Never pass up a chance to sit down or relieve yourself. -old Apache saying

Wednesday, February 25, 2015

torturing citizens

This. Is. Not. Good.  Not only has the US been torturing its enemies, we've been torturing our own citizens! Especially if you are a brown or black citizen, and anywhere close to Chicago. (And where else??)

Here we have yet another example of police overstepping their authority.  Looking back, this country has had quite the troubled past with its police forces.  Yeah, yeah, yeah, this story does not indict ALL police; it indicts a whole SYSTEM!  
We could sure use some BOLD politicians and civil servants these days.  
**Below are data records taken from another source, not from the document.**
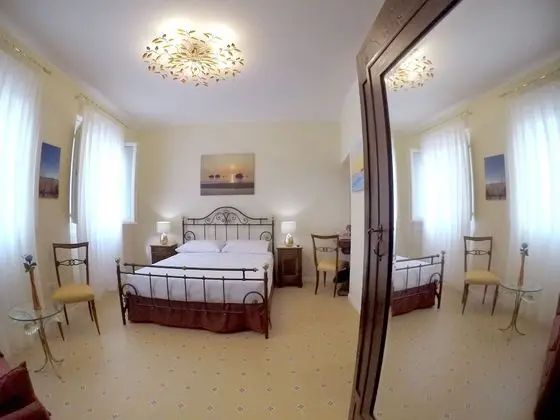 Deluxe Tek Büyük Yataklı Oda, Şehir Manzaralı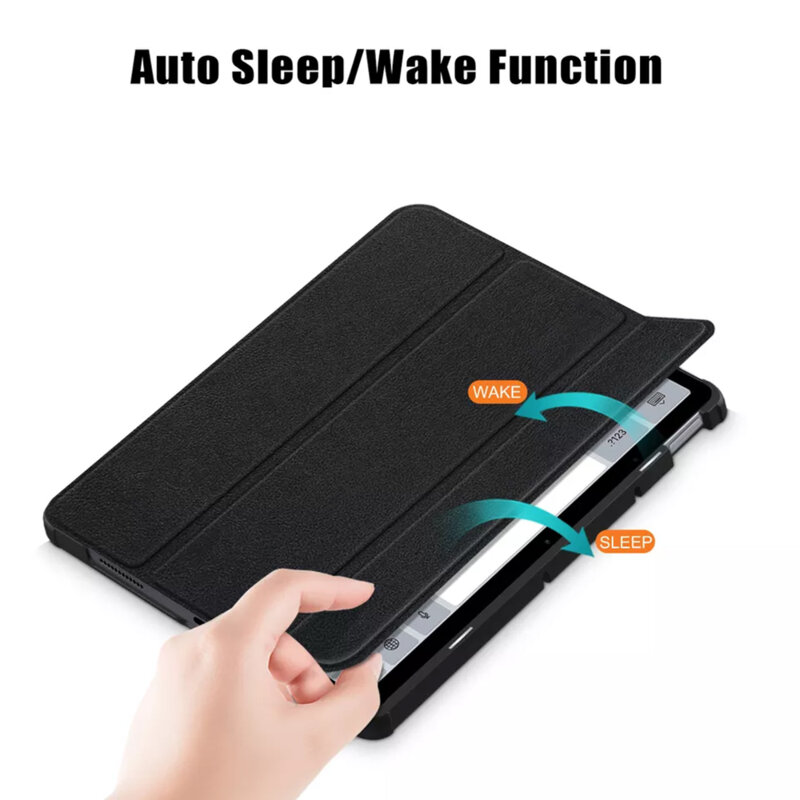 Husa Xiaomi Redmi Pad Techsuit FoldPro, albastru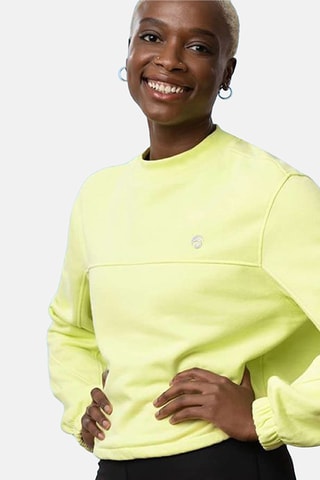 Sweat Soho - Jaune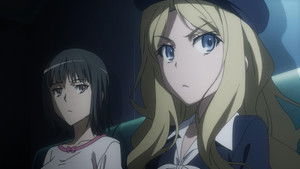 A Certain Scientific Railgun 2. évad Ep.8 8. epizód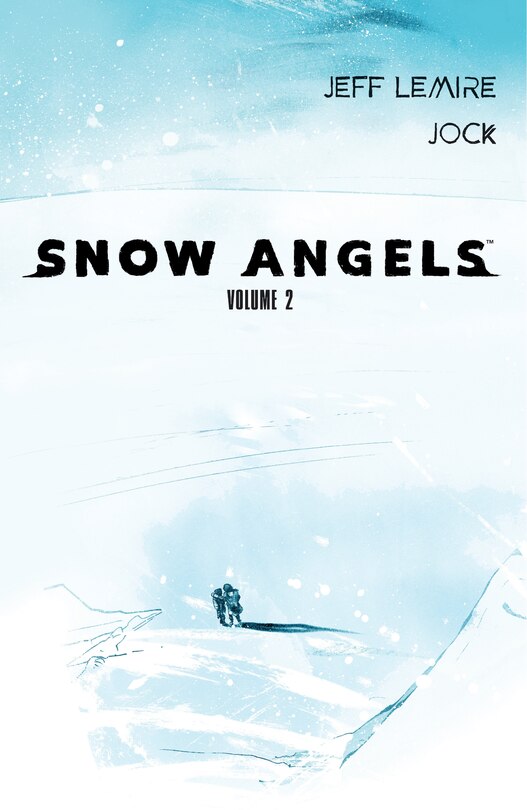 Front cover_Snow Angels Volume 2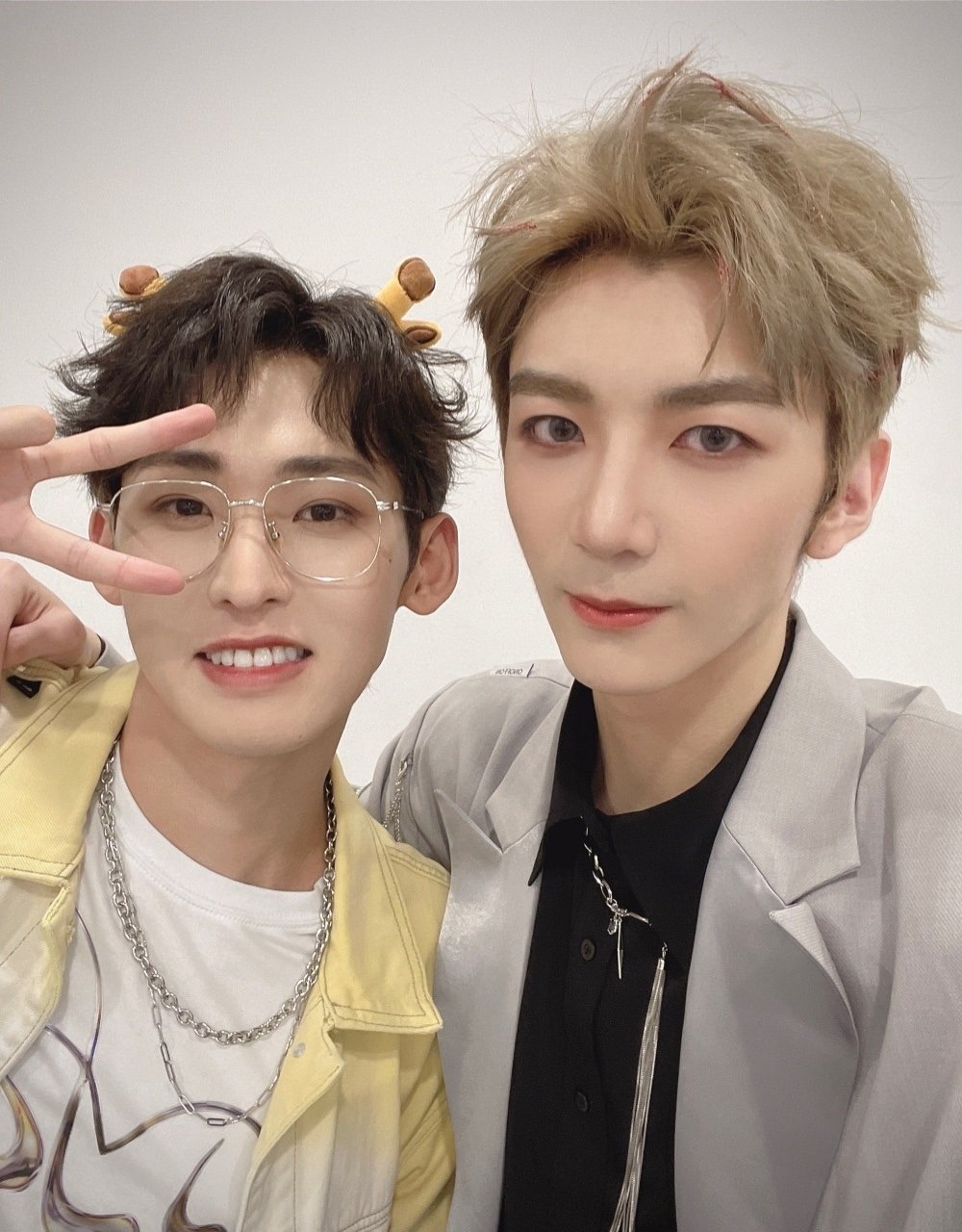 我会收藏一些可爱唐九洲和小玩偶的照片_高清图集_新浪网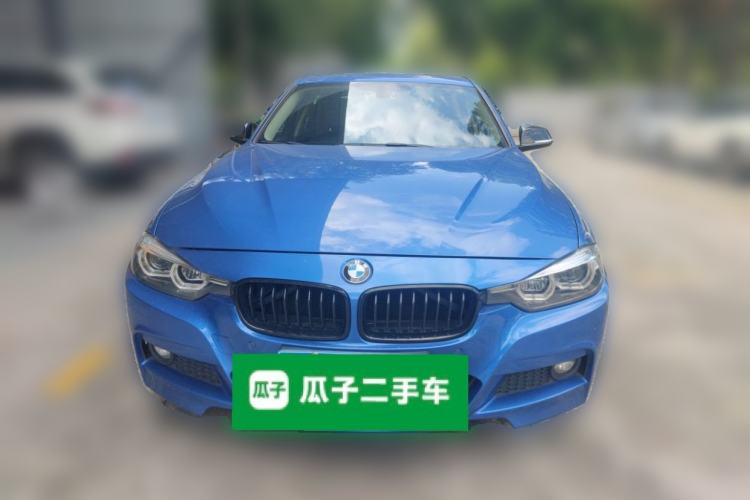 Used BMW 3 Series 2018 330Li M Sport Shadow Edition Front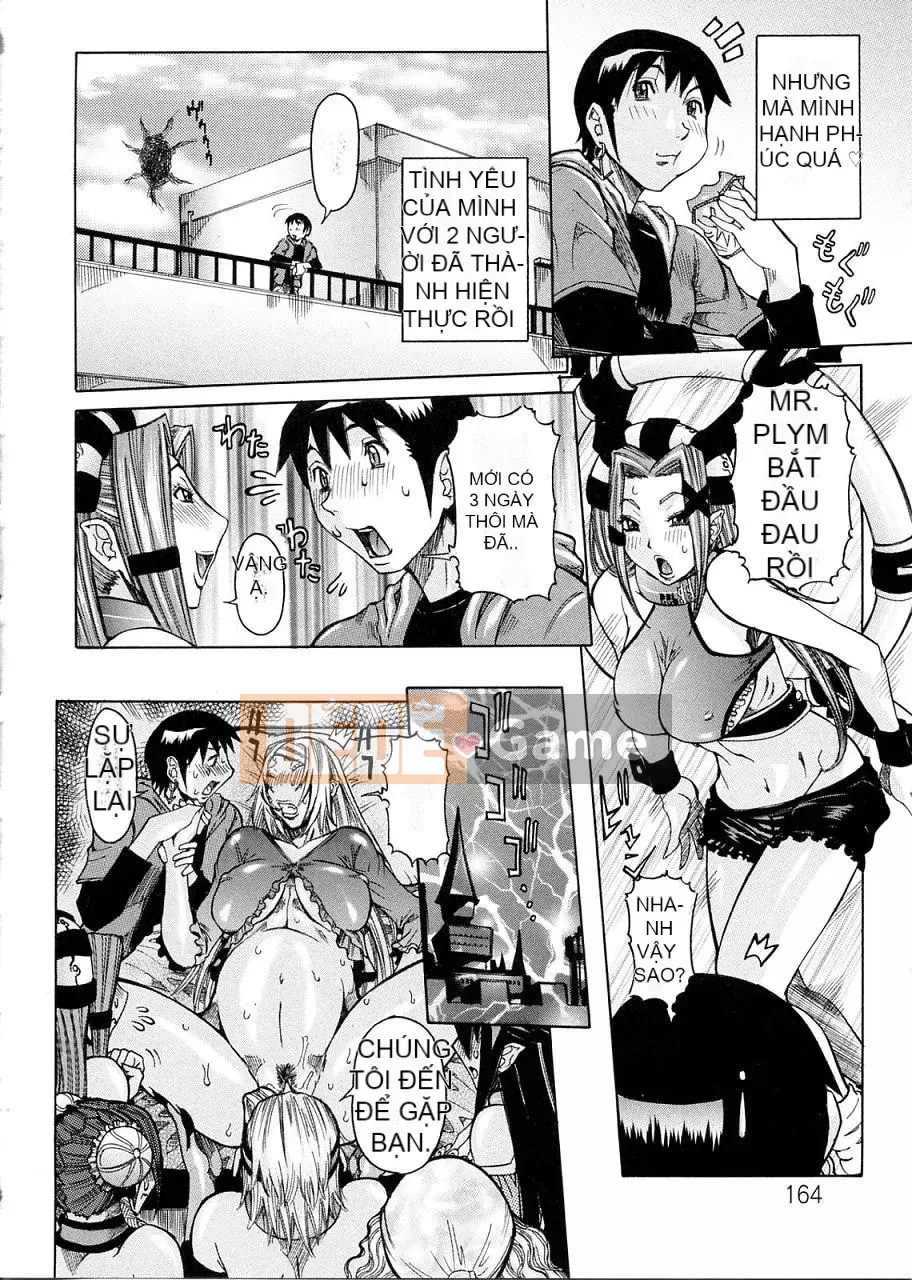 [Hoa cười giả tạo] Nhật ký của Prim 2 ~Hoàn thành chương~ [Ich123, Kukata Koji]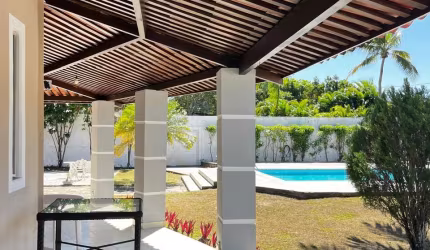 Excelente casa térrea avenida Santos Dumont
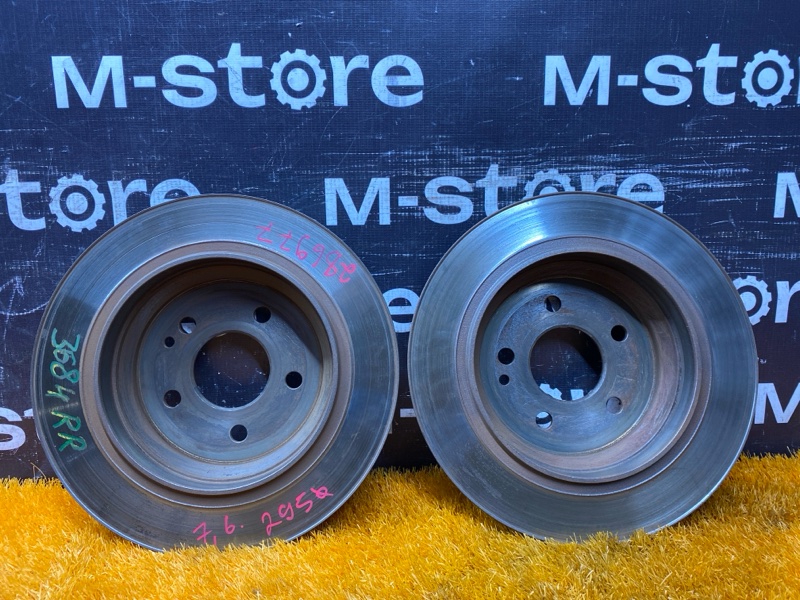 Диск тормозной, 1000 рублей, Красноярск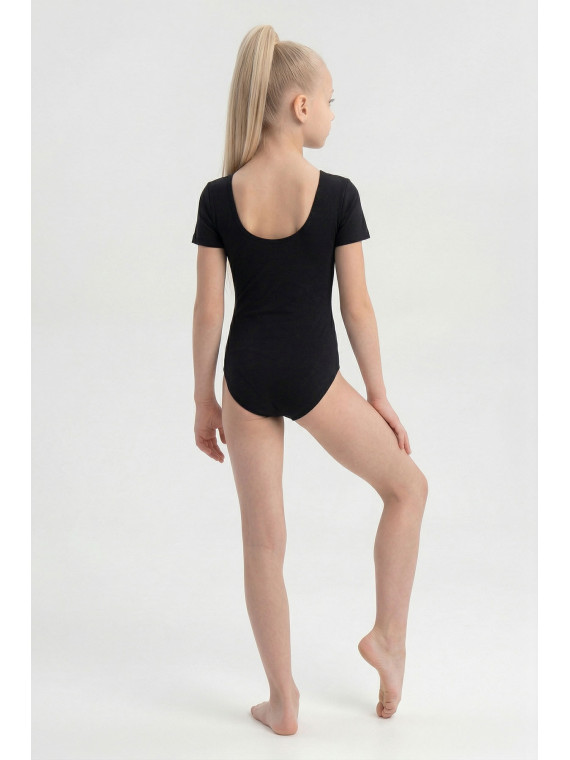 Turnanzüge Basic Black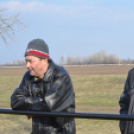 Magyarkeresztúr-Rábacsanak 1:1(1:0) megyei III. o. Csornai csoport bajnoki labdarúgó mérkőzés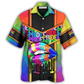Hawaiian Shirt / Adults / S LGBT American Pride 2022 - Hawaiian Shirt - Reefox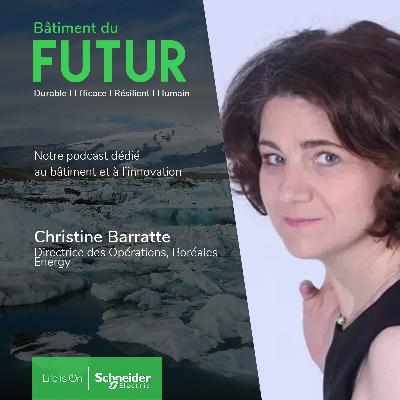 Stocker l’énergie dans la glace ? La solution écoresponsable de Boreales Energy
The disappeared: Chicago police detain Americans at abuse-laden 'black site'

The Guardian
The Chicago police department operates an off-the-books interrogation compound, rendering Americans unable to be found by family or attorneys while locked inside what lawyers say is the domestic equivalent of a CIA black site.
The facility, a nondescript warehouse on Chicago’s west side known as Homan Square, has long been the scene of secretive work by special police units. Interviews with local attorneys and one protester who spent the better part of a day shackled in Homan Square describe operations that deny access to basic constitutional rights.
Alleged police practices at Homan Square, according to those familiar with the facility who spoke out to the Guardian after its investigation into Chicago police abuse, include:
  1. Keeping arrestees out of official booking databases.
  2. Beating by police, resulting in head wounds.
  3. Shackling for prolonged periods.
  4. Denying attorneys access to the “secure” facility.
  5. Holding people without legal counsel for between 12 and 24 hours, including people as young as 15.
At least one man was found unresponsive in a Homan Square “interview room” and later pronounced dead.
Brian Jacob Church, a protester known as one of the “Nato Three”, was held and questioned at Homan Square in 2012 following a police raid. Officers restrained Church for the better part of a day, denying him access to an attorney, before sending him to a nearby police station to be booked and charged.
“Homan Square is definitely an unusual place,” Church told the Guardian on Friday. “It brings to mind the interrogation facilities they use in the Middle East. The CIA calls them black sites. It’s a domestic black site. When you go in, no one knows what’s happened to you.”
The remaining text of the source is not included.